For the most part of their programme, the duo will perform compositions written specifically for carillon by the Dutch, Belgian and Danish composers.
The “Evening Bells” will start ringing at 6 p.m. operated by carilloneur Monika Kaźmierczak from Poland who is to make her second appearance at the Klaipėda Carillon Festival. She has garnered several prizes at international competitions and currently pursues an active concert career with frequent appearances in the Netherlands, Denmark, France, Belgium and the United States. She teaches at the Stanisław Moniuszko State Academy of Music in Gdansk and heads the Polish Guild of Carilloneurs.
This time Kaźmierczak will be joined by the Klaipėda Chamber Orchestra, under the artistic leadership of Mindaugas Bačkus.
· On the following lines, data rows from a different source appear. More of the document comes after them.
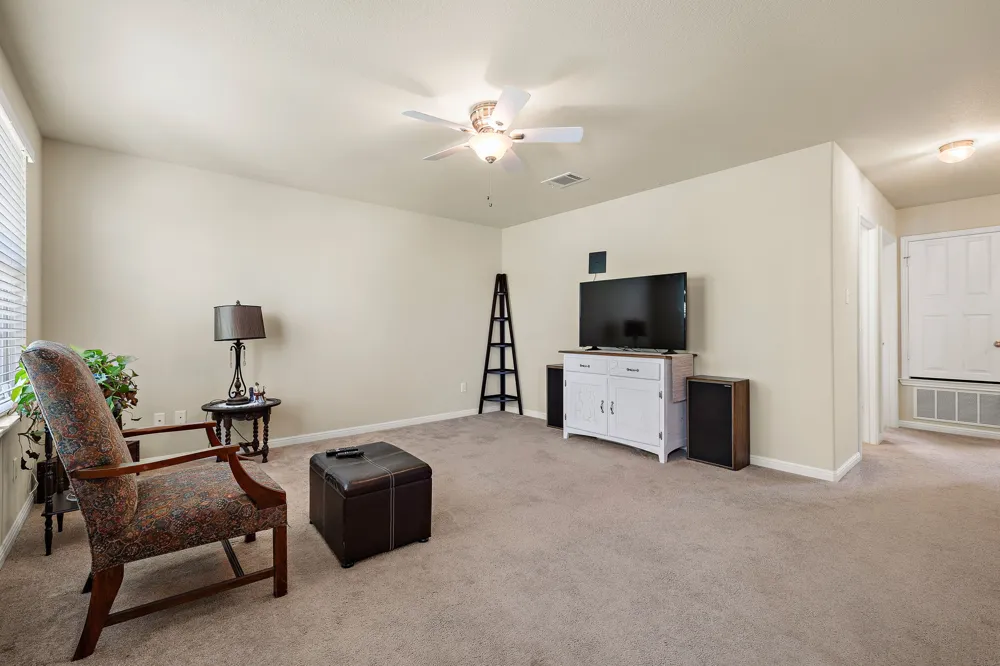 133 Lavaca Loop Hutto, TX 78634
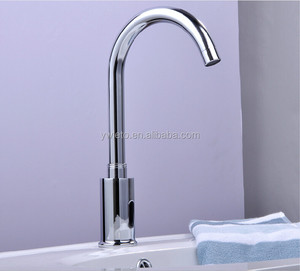 A-210 sensor táctil automático <span class=keywords><strong>grifo</strong></span> de la <span class=keywords><strong>cocina</strong></span> con caño giratorio - Product Image 1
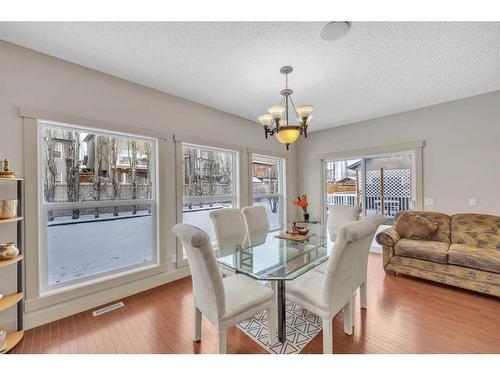 72 Sherwood Way Nw, Calgary, AB - Indoor Photo Showing Dining Room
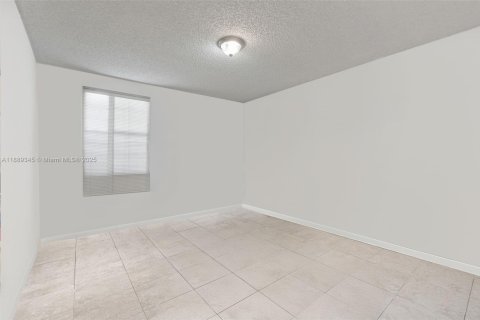 Condominio en venta en Doral, Florida, 2 dormitorios, 102.66 m2 № 1943679 - foto 24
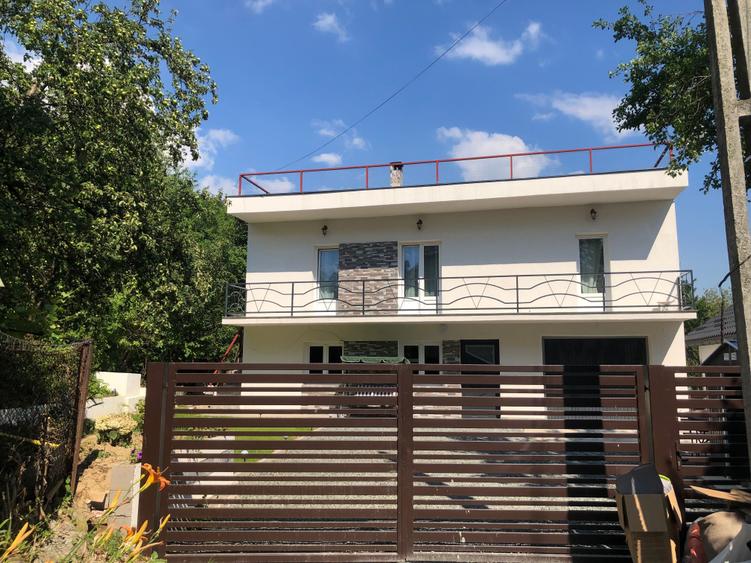 Casă cu 4 camere în Central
A new composition for trumpet, carillon and strings by the young composer from Klaipėda, Lina Posėčnaitė, who currently pursues composition studies in Germany, will contribute to the scarce repertoire for carillon and strings. Dancer Paulius Pinigis will accompany Kaźmierczak’s performance of music by famous British composer Michael Nyman with a piece of contemporary choreography. Calm tinkling of bells will be heard in the arrangement of Mikalojus Konstantinas Čiurlionis’ piano prelude Angelus Domini, while Kamil Cieślik’s piece will evoke the image of scintillating water fountains. A harmonious and simultaneous ensemble of bells in the tower and an orchestra in the museum’s courtyard will be entrusted to conductor Modestas Barkauskas.
As the saying goes, every time a bell rings, angels spread their wings...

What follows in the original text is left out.